- DESCRIPTION OF THE TASK
Below is a listing with pictures in it; transcribe exactly the lines from the one that has "Open package of" through the one that has "Grå långärmad tröja från Levi's - Säljer", and omit those pictures.

- GIVEN INFORMATION
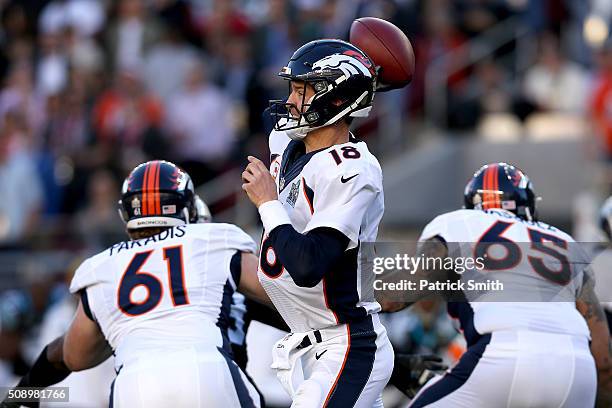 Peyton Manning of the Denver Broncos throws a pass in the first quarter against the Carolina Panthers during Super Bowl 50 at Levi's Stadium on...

* * *

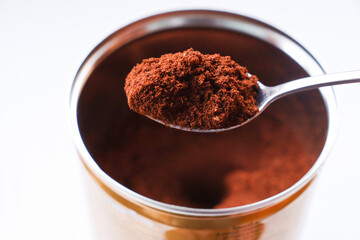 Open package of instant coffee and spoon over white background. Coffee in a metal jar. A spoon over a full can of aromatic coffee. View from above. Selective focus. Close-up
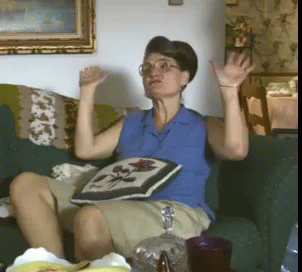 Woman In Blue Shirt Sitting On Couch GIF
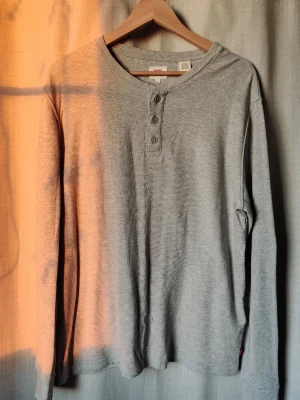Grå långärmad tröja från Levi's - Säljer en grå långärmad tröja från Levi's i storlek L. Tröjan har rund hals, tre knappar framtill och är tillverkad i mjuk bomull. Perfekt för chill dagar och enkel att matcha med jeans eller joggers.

--

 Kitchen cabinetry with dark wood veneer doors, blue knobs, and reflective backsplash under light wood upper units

- RESULT BELOW
 Open package of instant coffee and spoon over white background. Coffee in a metal jar. A spoon over a full can of aromatic coffee. View from above. Selective focus. Close-up
 Woman In Blue Shirt Sitting On Couch GIF
Grå långärmad tröja från Levi's - Säljer en grå långärmad tröja från Levi's i storlek L. Tröjan har rund hals, tre knappar framtill och är tillverkad i mjuk bomull. Perfekt för chill dagar och enkel att matcha med jeans eller joggers.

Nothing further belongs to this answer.